Pada saat yang sama, Ramaphosa menegaskan bahwa dukungan Afrika Selatan pada perjuangan Palestina tetap tidak dapat diganggu gugat.“Masalah ini (pemutusan hubungan dengan Israel) sedang dipertimbangkan dengan sangat aktif, dan pada waktunya kami akan dapat menyampaikan secara jelas tanggapan eksekutif terhadap resolusi yang diambil oleh Majelis Nasional,” ujar dia.
Pernyataan itu dikeluarkan Ramaphosa saat merespons pertanyaan tentang resolusi tidak mengikat, yang disahkan parlemen pada November lalu dan berisi desakan agar Pretoria memutus hubungan dengan Tel Aviv setelah Israel melancarkan perang di Gaza.
Ramaphosa menanggapi pertanyaan pemimpin partai Economic Freedom Fighters, Julius Malema, yang mengacu pada keputusan Brasil untuk menarik duta besar dari Israel.

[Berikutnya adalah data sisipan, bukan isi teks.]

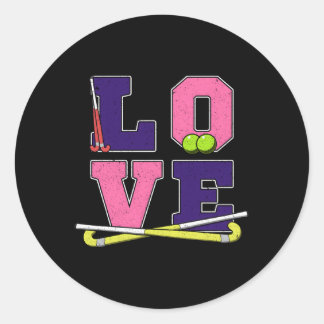 Love Field Hockey Hockey Mom Classic Round Sticker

Ramaphosa menekankan bahwa pemerintahannya tidak pengecut.
“Masalah ini sedang dipertimbangkan, dan kami sedang mempertimbangkan isu-isu yang lebih luas terkait hal tersebut,” katanya, tentang resolusi yang disahkan oleh parlemen. Parlemen menginginkan kedutaan besar Israel di Pretoria, ibu kota pemerintah Afrika Selatan, juga ditutup.
Dalam pesannya kepada Ramaphosa, Malema menegaskan bahwa rakyat Afrika Selatan tidak bisa hidup berdampingan dengan para pembunuh, pemerkosa (yang) membunuh wanita dan anak-anak serta berusaha menghancurkan bangsa Palestina.
Pada Maret tahun lalu, parlemen Afrika Selatan juga memberikan suara mendukung mosi yang akan menurunkan status kedutaan Afsel di Israel menjadi kantor penghubung, menyusul pelanggaran terus-menerus terhadap rakyat Palestina.